A working paper raises concerns about a run on the banks in times of financial instability, with tiered interest rates proposed as a solution.
The European Central Bank (ECB) remains open to the idea of a digital euro equivalent but would want to stop citizens holding too much of it.
That was the conclusion of a fresh working paper on so-called central bank digital currencies (CBDCs) by Ulrich Bindseil, the bank’s Director General of Market Infrastructure and Payments, on Jan. 3.
ECB would need to “control volume” of CBDC
The paper deals with the prospect of issuing a CBDC for the European Union, and also touches on the differences between such a currency and cryptocurrency stablecoins.
Its issuance comes as China edges closer to becoming the world’s first state to issue a CBDC. The ECB, like other major banks, has stayed risk-off on doing likewise, despite the potential disadvantages of not competing with Beijing.

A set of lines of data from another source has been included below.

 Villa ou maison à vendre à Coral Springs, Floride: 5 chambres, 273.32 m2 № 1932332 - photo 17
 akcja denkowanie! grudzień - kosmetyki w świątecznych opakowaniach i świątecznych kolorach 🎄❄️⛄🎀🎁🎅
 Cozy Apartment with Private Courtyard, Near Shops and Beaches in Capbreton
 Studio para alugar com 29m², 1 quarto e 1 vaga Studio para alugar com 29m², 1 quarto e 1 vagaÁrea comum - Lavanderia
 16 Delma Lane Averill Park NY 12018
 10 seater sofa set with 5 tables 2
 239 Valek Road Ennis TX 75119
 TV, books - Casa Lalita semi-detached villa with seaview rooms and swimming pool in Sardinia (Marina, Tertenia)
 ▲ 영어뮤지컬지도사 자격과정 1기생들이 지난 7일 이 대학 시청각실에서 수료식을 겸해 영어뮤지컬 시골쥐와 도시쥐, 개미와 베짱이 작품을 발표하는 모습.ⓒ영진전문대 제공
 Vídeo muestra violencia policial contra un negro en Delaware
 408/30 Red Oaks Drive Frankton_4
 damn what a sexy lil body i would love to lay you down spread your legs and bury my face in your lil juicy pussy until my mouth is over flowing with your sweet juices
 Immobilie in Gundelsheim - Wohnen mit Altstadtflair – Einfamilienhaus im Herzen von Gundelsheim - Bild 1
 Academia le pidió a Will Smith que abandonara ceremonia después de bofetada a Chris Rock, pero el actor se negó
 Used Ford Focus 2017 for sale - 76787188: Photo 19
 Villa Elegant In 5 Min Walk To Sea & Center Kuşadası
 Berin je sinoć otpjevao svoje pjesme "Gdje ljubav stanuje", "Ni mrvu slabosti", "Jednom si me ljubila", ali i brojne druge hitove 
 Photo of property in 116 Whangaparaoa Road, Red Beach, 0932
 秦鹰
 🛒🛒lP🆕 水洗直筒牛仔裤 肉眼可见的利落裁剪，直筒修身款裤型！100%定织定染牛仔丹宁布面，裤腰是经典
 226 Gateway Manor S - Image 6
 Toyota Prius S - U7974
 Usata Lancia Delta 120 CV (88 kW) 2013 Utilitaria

For Bindseil, there are both benefits and disadvantages to issuing a European CBDC, and these should first be addressed before the EU entertains such a possibility.
Specifically, Bindseil proposes a two-tier interest rate system, which would offer “unattractive” rates to holdings above a certain threshold. This, he says, would reduce the likelihood of savers selling fiat for the CBDC in times of crisis.
The equivalent of a run on the banks, savers could potentially move funds out of the ECB’s jurisdiction much more easily than they could via the banking system under such circumstances.
“The well-tested tool of tiered remuneration seems to be a way to ensure that the volume of CBDC will be well-controlled,” he summarized.
ECB considers “preferences of money users”
Concluding, Bindseil nonetheless stopped short of recommending CBDC for the ECB:
“It is acknowledged that solving the issue of risks of structural and cyclical bank disintermediation does not necessarily lead to the conclusion that there is a sufficient universal business case for CBDC. The merits of adopting CBDC will depend on the preferences of money users and available payment alternatives.”
As Cointelegraph reported, China’s central bank has already been testing its CBDC with selected banks. A cryptocurrency law passed by Beijing in October entered into effect on Jan. 1.
The notion of discouraging saving of money meanwhile is a practice Bitcoin (BTC) proponents routinely highlight as an example of the failure of the fiat currency system. As Saifedean Ammous notes in his popular book, “The Bitcoin Standard,” central banks require holders of fiat to spend and borrow, not save, in line with Keynesian economic policy.